During shaking, the generation and decomposition of ${\mathrm{HCO}}_4^{–}$ was expected according to Reaction 3 followed by Pathways B and C, generating the final species: ${\mathrm{HCO}}_3^{–}$, ${\mathrm{H}}_2\mathrm{O}$, and ${\mathrm{O}}_2$. The generation of oxygen was confirmed by the formation of oxygen bubbles observed in samples containing ${\mathrm{NaHCO}}_3$. The bubbles started to grow on the wall of sample tubes 20 min after ${\mathrm{NaHCO}}_3$ was added [Fig. 3(b)]. Dissolved oxygen was measured at ambient temperature (∼ 20°C) in both samples, at $20.52\mathrm{mg}/\mathrm{L}$ for the ${\mathrm{NaHCO}}_3$ solution and $9.63\mathrm{mg}/\mathrm{L}$ for the deionized water, indicating higher saturation with pure oxygen generated by ${\mathrm{NaHCO}}_3$ in solution.

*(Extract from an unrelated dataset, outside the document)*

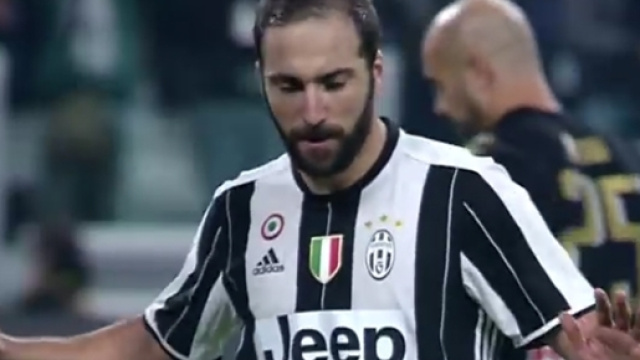 Gonzalo Higua&iacute;n a segno in campionato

Table 3 summarizes the progress of ${\mathrm{H}}_2{\mathrm{O}}_2$ decomposition and pH to determine the appropriate dose of ${\mathrm{NaHCO}}_3$ to completely remove ${\mathrm{H}}_2{\mathrm{O}}_2$. The addition of ${\mathrm{NaHCO}}_3$ shifted the pH value of SWW from almost neutral (pH 7.1) to a basic range ($\mathrm{pH}\sim 9$). ${\mathrm{H}}_2{\mathrm{O}}_2$ concentration decreased at ambient temperature nonlinearly with ${\mathrm{NaHCO}}_3$ concentration over 24 h. In the first 5 h, only $2.1\mathrm{mmol}/\mathrm{L}{\mathrm{H}}_2{\mathrm{O}}_2$ decomposed at an ${\mathrm{NaHCO}}_3$ concentration of $0.5\mathrm{mol}/\mathrm{L}$ (Sample 1), whereas $\sim 8$ and $20\mathrm{mmol}/\mathrm{L}{\mathrm{H}}_2{\mathrm{O}}_2$ decomposed when the ${\mathrm{NaHCO}}_3$ concentration was 1 and $2\mathrm{mol}/\mathrm{L}$, respectively. After 24 h, $6\mathrm{mmol}/\mathrm{L}$ of ${\mathrm{H}}_2{\mathrm{O}}_2$ was still found in Sample 1, whereas ${\mathrm{H}}_2{\mathrm{O}}_2$ was completely removed in Samples 2 and 3. The minimum dose of ${\mathrm{NaHCO}}_3$ for complete ${\mathrm{H}}_2{\mathrm{O}}_2$ decomposition of the samples with residual ${\mathrm{H}}_2{\mathrm{O}}_2$ concentration of up to $44.5\mathrm{mmol}/\mathrm{L}$ was calculated as $22.5{\mathrm{mmol}}_{{\mathrm{NaHCO}}_3}{/\mathrm{mmol}}_{{\mathrm{H}}_2{\mathrm{O}}_2}$ (with 1 M ${\mathrm{NaHCO}}_3$ solution).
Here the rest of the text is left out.